In Canada they called their fur trading stations “houses” not forts. At these houses the Indians brought their furs in to be traded for supplies, the “Voyagers” packed and transported the tons of furs back to the trading company’s headquarters in Montreal, picked up supplies for the houses and went back to the Rockies, all by canoe or York boats.

Rocky Mountain House is of particular interest because David Thompson used this house as a base during several of his expeditions. He was the famous surveyor who mapped most of the western Canadian mountains and rivers. He is reported to have traveled over 50,000 miles in canoes, horseback, or on foot making amazingly accurate maps during the 1790s through the early 1800. His goal while working for both trading companies was to find new routes and new tribes with which to trade. However, eventually he simply explored and made maps on his own.

Our first introduction to David Thompson was through the book Sources Of The River: Tracking David Thompson Across Western North America, by Jack Nisbet. This book recreates the life and times of Thompson from his journals and later memoirs.

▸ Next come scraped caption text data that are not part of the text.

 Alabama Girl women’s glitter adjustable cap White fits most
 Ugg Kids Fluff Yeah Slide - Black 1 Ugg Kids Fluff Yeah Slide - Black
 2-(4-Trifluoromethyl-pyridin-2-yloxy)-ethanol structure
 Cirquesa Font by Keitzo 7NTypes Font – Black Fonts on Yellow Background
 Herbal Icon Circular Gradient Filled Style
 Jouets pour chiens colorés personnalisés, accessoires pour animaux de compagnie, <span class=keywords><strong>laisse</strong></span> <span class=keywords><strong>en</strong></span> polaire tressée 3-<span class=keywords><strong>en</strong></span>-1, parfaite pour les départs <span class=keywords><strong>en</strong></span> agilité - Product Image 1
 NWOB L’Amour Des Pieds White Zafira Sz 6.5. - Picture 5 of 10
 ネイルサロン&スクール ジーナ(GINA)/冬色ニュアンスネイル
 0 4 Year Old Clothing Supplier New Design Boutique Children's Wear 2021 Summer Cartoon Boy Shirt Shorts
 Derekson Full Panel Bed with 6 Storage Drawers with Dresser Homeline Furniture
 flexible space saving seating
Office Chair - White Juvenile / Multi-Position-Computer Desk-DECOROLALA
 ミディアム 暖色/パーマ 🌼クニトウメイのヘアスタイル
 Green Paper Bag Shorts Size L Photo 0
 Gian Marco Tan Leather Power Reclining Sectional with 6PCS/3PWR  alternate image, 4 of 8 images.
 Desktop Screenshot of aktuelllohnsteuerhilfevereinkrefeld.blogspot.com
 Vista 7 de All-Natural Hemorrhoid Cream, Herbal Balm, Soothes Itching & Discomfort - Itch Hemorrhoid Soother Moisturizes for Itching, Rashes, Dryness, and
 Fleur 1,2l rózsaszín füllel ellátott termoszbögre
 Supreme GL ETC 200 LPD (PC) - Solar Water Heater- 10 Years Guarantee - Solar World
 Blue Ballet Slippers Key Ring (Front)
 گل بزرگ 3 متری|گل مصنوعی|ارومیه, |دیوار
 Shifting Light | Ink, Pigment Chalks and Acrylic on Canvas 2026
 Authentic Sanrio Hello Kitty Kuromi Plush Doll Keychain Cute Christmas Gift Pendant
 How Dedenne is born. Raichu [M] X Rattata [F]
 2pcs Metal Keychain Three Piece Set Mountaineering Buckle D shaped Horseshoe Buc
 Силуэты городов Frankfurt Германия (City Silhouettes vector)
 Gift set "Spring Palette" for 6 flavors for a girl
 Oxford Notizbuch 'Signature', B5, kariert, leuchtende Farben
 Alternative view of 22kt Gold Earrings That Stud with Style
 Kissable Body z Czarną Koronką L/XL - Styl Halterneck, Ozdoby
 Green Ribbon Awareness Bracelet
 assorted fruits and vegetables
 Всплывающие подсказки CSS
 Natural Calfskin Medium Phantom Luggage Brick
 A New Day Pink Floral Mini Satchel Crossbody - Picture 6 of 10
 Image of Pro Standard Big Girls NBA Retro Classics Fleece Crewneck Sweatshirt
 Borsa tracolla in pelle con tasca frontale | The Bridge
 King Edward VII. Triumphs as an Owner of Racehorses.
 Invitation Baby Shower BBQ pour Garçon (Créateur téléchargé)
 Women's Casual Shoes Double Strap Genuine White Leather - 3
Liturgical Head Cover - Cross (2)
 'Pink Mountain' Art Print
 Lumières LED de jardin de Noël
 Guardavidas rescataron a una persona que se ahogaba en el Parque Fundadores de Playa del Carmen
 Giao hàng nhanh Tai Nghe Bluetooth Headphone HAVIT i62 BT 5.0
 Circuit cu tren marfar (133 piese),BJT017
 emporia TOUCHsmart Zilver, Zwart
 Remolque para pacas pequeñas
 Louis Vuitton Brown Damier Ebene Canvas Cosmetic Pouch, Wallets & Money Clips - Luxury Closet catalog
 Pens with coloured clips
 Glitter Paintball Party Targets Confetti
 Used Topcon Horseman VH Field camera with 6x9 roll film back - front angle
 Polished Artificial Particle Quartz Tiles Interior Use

It is a great intro to this well known Canadian explorer.

The David Thompson National Historical Site has been constructed on the site of four trading houses. Currently the museum is undergoing a huge renovation and was closed but there is a self guided trail that has narrated stations describing the life of a “voyageur” and the daily duties at a trading post. There was also what they have named the “toy fort”, which is a small scale model of the last fort built here and abandoned in 1875. This weekend was Harvest Weekend so museum employees were in costume making porcupine quill and bead work designs, open fire cooking, and displaying the different animal furs that were traded at the houses.

Much credit is given to the Metis people for helping these fur traders learn to survive in the wilderness. The Metis were those of mixed European and Indian decent. The Hudson Bay company discouraged inter-marriage with natives but the North West Company realized what an asset these women were to the camp and supported such unions. At the museum today, a member of the Metis tribe cooked buffalo stew, bannock, which is a type of biscuit served with choke cherry jelly, and steeped Labrador tea for visitors to enjoy.

Two of the employees put on a wonderfully amusing puppet show all about the life of David Thompson. The puppets, one a French Canadian from the North West Company and the other an Englishman from the Hudson Bay company, told the story and poked fun their different attitudes and customs while in the process. It was a really fun show, interspersed with song and a sing along chorus for the audience.